L’une des rumeurs qui circulaient avec le nom de Stastny l’envoyait avec les Sabres de Buffalo en retour de Ryan Miller, mais l’Avalanche semble vouloir faire confiance à Semyon Varlamov, dont elle a fait l’acquisition avant la saison 2011-12 en retour de choix au repêchage. Au cours des trois dernières campagnes, soit depuis sa dernière saison à Washington, le gardien russe a vu sa moyenne de buts alloués grimper de 2,23 à 2,59 puis à 3,02, alors que son pourcentage d’arrêts est passé de ,924 à ,913 avant de descendre à ,903.

Varlamov a cependant remporté 26 victoires à sa première saison à titre de partant au Colorado, un sommet en carrière, et il a signé sept blanchissages en 88 parties depuis son arrivée. Tout comme Johnson à la ligne bleue, il est un ancien premier choix, et il est âgé de seulement 25 ans.

Plutôt que de perdre espoir en Varlamov, l’Avalanche s’est assuré des services de l’entraîneur des gardiens François Allaire, ce qui laisse croire que sa situation future pourrait s’avérer prometteuse. Allaire a eu une influence majeure sur la carrière de Roy, en plus de relancer celle de l’auxiliaire actuel de Varlamov, Jean-Sébastien Giguère.
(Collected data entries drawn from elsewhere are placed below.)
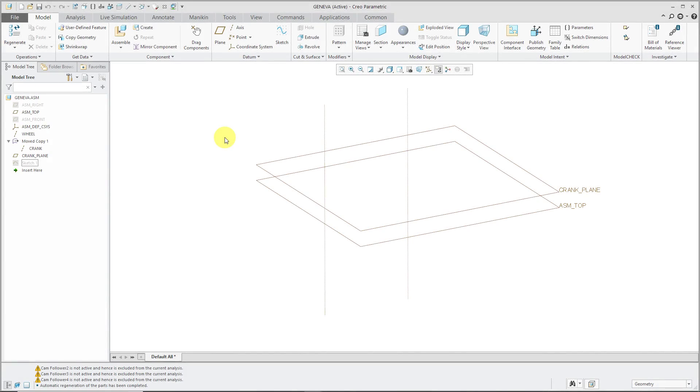A Geneva Cam turns continuous rotational motion into intermittent rotational motion. Let's take a look at how to create one of those.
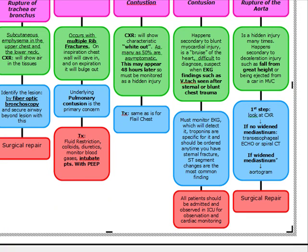Traumatic rupture of the aorta — think fall from a great height or deceleration injury such as being ejected from a car. Look at the chest x-ray for a widened mediastinum. No widened mediastinum: echo or spiral CT. Widened mediastinum: aortogram. If aortogram is positive, go to surgical repair.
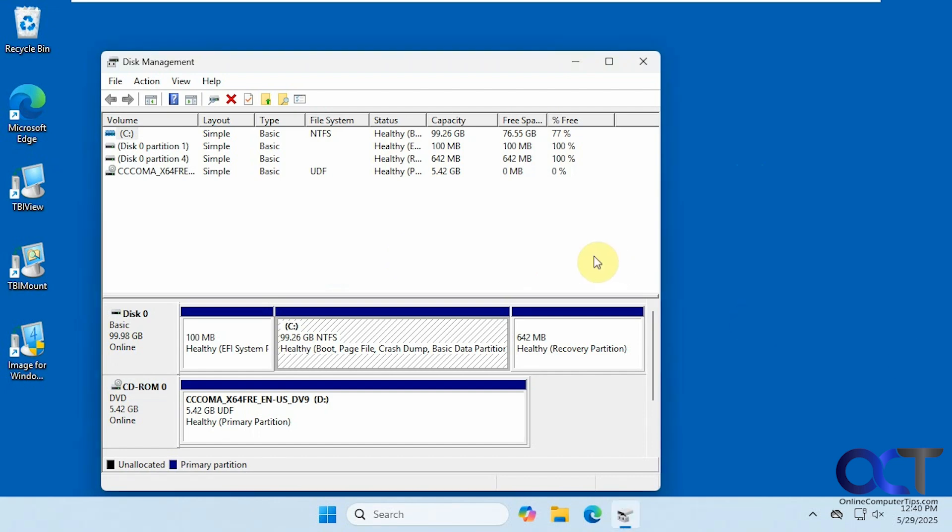I'll put a link in the description where you could download Terabyte Image for Windows, and then you could try it out for yourself. Thanks for watching, and be sure to subscribe.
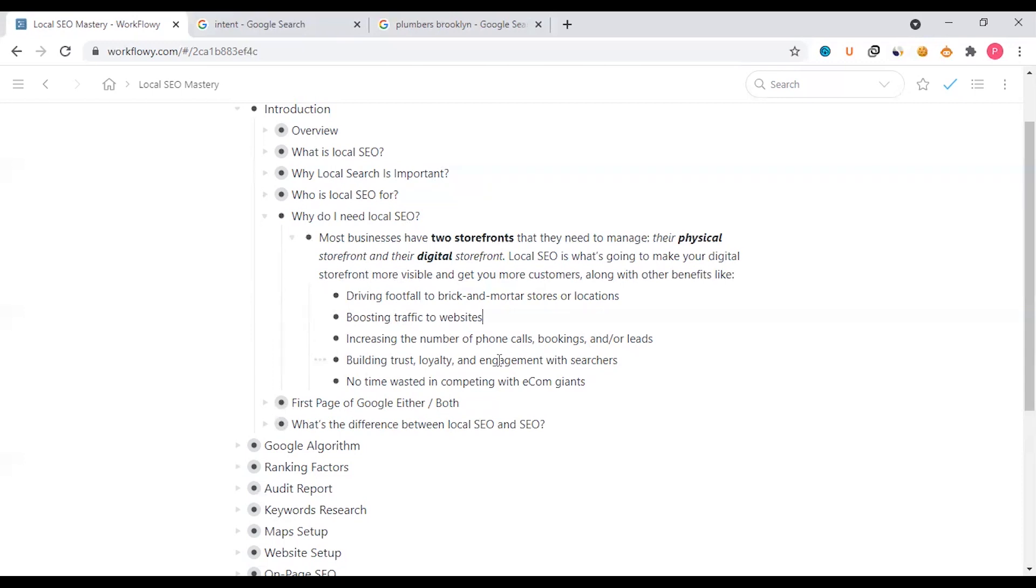Building trust, loyalty, and engagement with searchers. If you have a brand, Google can search for branded information. If you have a brand online, you don't have a physical store. This is a fact.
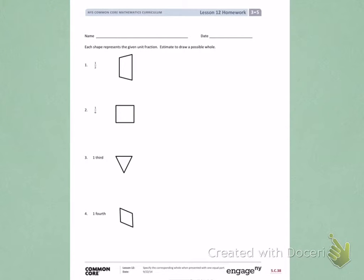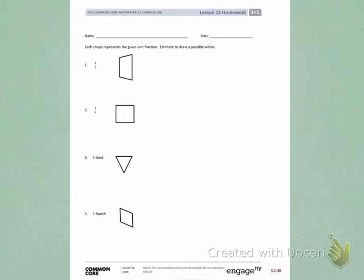This is Module 5, Lesson 12, Homework, Page 1. Today's objective was to specify the corresponding whole when presented with one equal part.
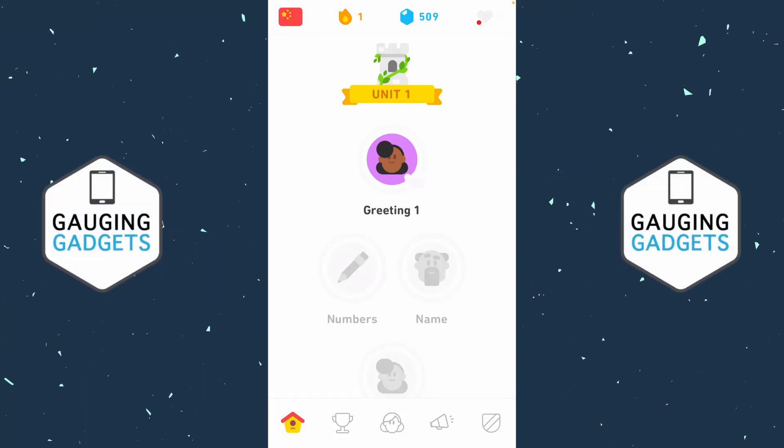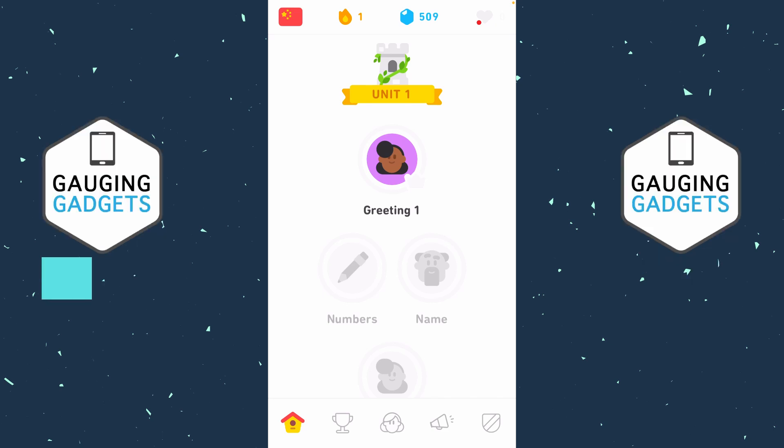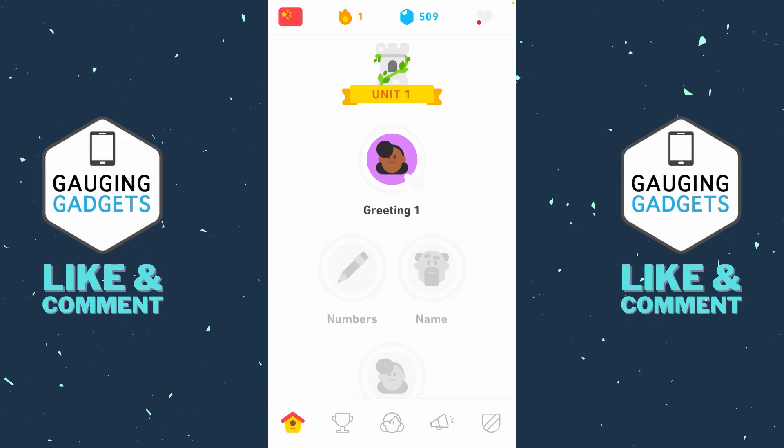How to delete a language in Duolingo. Welcome to another Gauging Gadgets Duolingo tutorial video. In this video, I'm going to show you how to delete a language from the Duolingo app on your iPhone or Android phone. So if you have multiple languages downloaded and you're trying to delete one, maybe to open up some space on your phone, I'll show you how to easily delete a language from Duolingo.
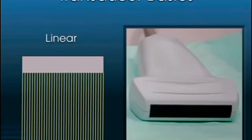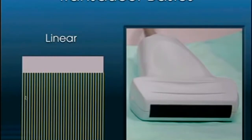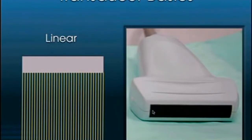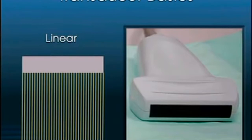The linear probe provides the same resolution all the way across — scan lines are separated equally with no splaying — giving uniform resolution across the entire image. The linear L38, and variations like the L25 and L51, come in different sizes depending on your specific needs. These tend to be high-frequency transducers, good for structures in the near field.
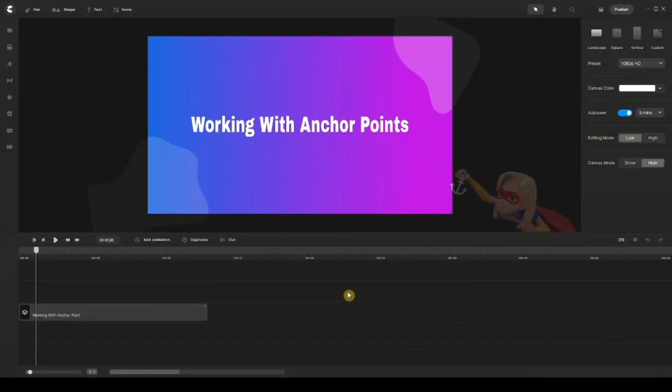Hey, what's going on everyone, and welcome to a new tutorial. My name is Ali, and in this video we're going to talk about working with anchor points. Now, I see a lot of members are not aware of where the anchor point is, what it is, and how we can actually use it.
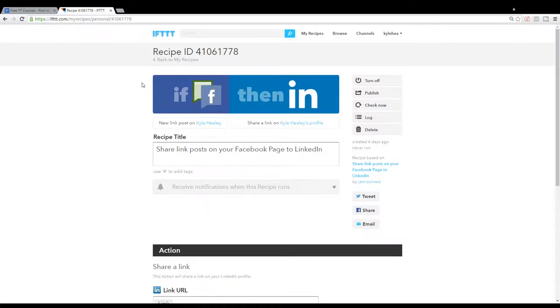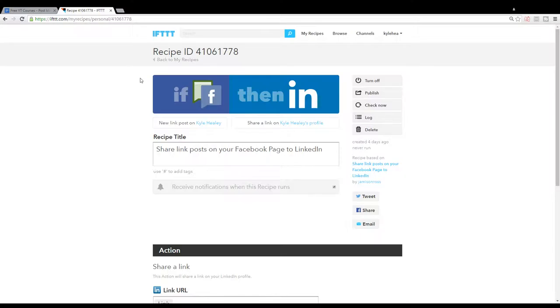It automatically posts any link you put on your Facebook business page to your LinkedIn profile. Really cool. Another way to gain exposure to your Facebook post.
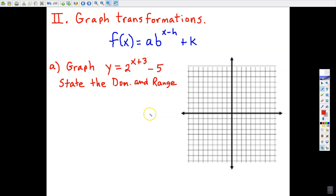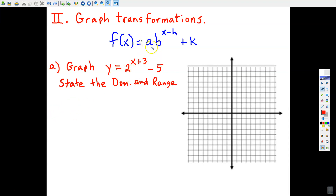Now let's talk about transformations — this is really a review. The A number determines vertical stretch or compression; if A is negative, that causes a reflection over the x-axis. The H number tells us how to move horizontally, and the K number tells us how to move vertically. Since A is understood to be 1 in this next example, there's no vertical stretch or compression, so this will be a translation.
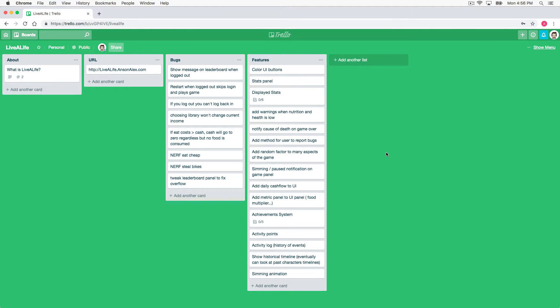Hello everyone, this is Anson from AnsonAlex.com and in this video I'm going to show you how you can view archived items in Trello. It's really simple to do but it can be hard to find.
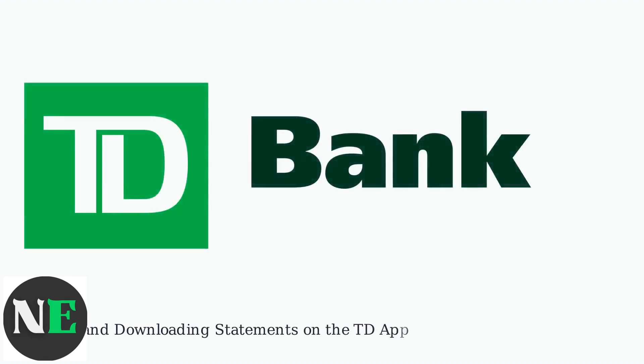To find your bank statements on the TD app, version 12.4.1 as of September 2025, start by logging in securely.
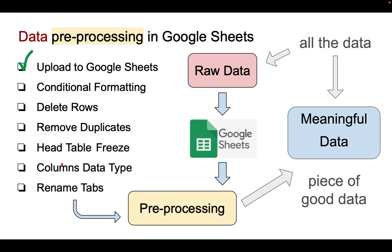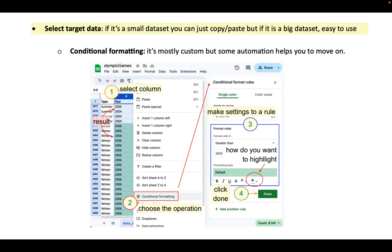The next step is conditional formatting. Conditional formatting is a useful feature for you to visually see your data in the column, so you can pre-select what your target is and what you already have. You select the column first, then choose the operation. We plan to do conditional formatting: set the rule to greater than 2005 and highlight it with green. That's all — click Done.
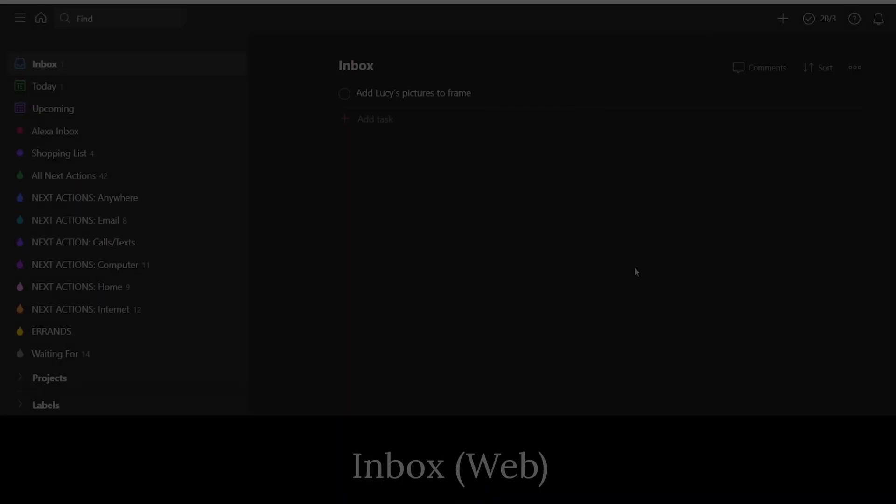This very first video is going to be on step number one, which is capture. In this video, I'm going to show six different ways to capture tasks in Todoist using the web version and the Android app, including one bonus way to add a task that you might not have thought about before.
Maintenant âgé de 36 ans, le lauréat d’un trophée Conn Smythe et d’une Coupe Stanley avec les Ducks d’Anaheim ne peut plus transporter à lui seul une équipe sur ses épaules pour une période prolongée, mais il a affiché d’excellentes statistiques à sa première saison en tant qu’adjoint à Varlamov (15-11-3, moyenne de buts alloués de 2,27 et pourcentage d’arrêts de ,919 en 32 rencontres en 2011-12) avant de connaître davantage de difficultés au cours de la dernière saison écourtée.

Varlamov et Giguère doivent être meilleurs si l’Avalanche espère avoir une chance de se battre pour l’une des dernières places donnant accès aux séries éliminatoires dans la nouvelle division Centrale, mais la majeure partie du travail appartient à la défensive, qui devra accorder beaucoup moins de chances de marquer de qualité afin de rendre la vie de ses gardiens plus facile.